One of the reasons they believe that, and don’t shoot the messenger on this, is that the rings have similar composition as one of Saturn’s other moons, Iapetus, and they mathed out that if a Iapetus-like moon got smashed, something similar to Saturn’s rings would probably happen.

No-one knows for sure but that’s why, even though science meant “to know” in Latin, science really is just a big “hmm, maybe like this? Let’s put it here for now” sorta like when you’re doing the first pass of sorting the pieces out of a jigsaw puzzle box. Sometimes it really does feel like pieces fit together perfectly, while other times it’s more tentative or even flat-out wrong.

The same goes for our relationship with God. The book is full of examples of how we go astray, either on a personal level or with humanity as a whole. Young Earth creationism is only one of many ways to tentatively sort the jigsaw pieces. It’s part of protestant hermeneutics which arose in modern times (16th century) in an ever-more curious and science-minded world.

It is a truth universally acknowledged that as an art, technique, or philosophy evolves, there are always gonna be fans of a particular stage or era. “I like baroque music”, “I like 80s thrash metal”, “I like sock-hop”. These nostalgic fans are not necessarily wrong: things evolve in many-branched trees, of thought and counter-thought, of steps in the wrong direction or in the right. It’s good to be able to go back to what worked from what doesn’t work. You might have to think of how you got started sitting in your little room.
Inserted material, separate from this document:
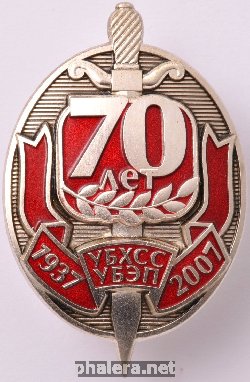 Нагрудный знак 70 лет управлению по борьбе с экономическими преступлениями 1937-2007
At the same time, something that starts as a “hey guys, can we maybe try to think kind of differently about this stuff?” so often freezes and itself becomes a means of killing new thought.

Jesus, for example, praised both serpents and doves in Matthew 10:16. If God created everything, where can I put my feet that’s not holy? We’d need to, with every word we write, credit the Highest. For example, that previous sentence should read “We’d need to, with every word our God-given ability to write lets us write, credit the Highest”, and this sentence itself should start “For example, that previous sentence that God let me write…”, but, just like the Gricean maxim of quantity predicts, we can omit some things once we know that the person we’re speaking to already know them.
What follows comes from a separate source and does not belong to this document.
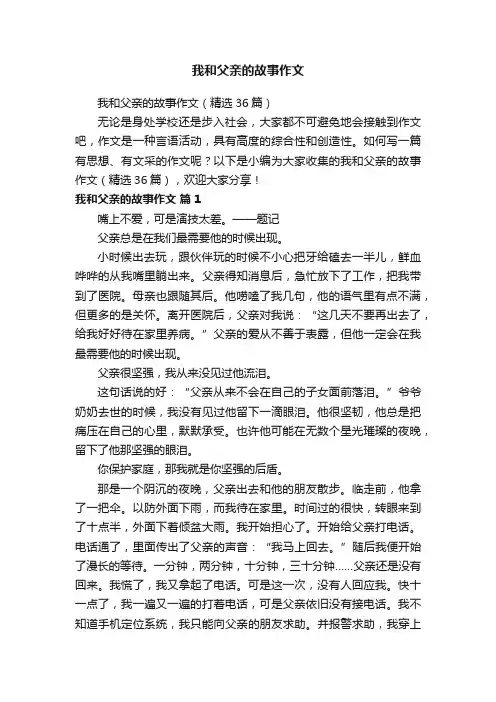 我和父亲的故事作文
It’s all the same re-gifted sixpence but it’s also all pretty darn special. Jesus praising those animals are like if you were to praise your own toe, but, you know, sometimes you wanna do that. You find this li’l part of reality, like how a butterfly flies out of a pupa, and it makes you wanna go jouez haut-bois, résonnez musettes! Psalm 104:25! Every li’l sparrow and bug and butterfly and grain-of-sand is accounted for, as is every moonshard across the night’s canvas.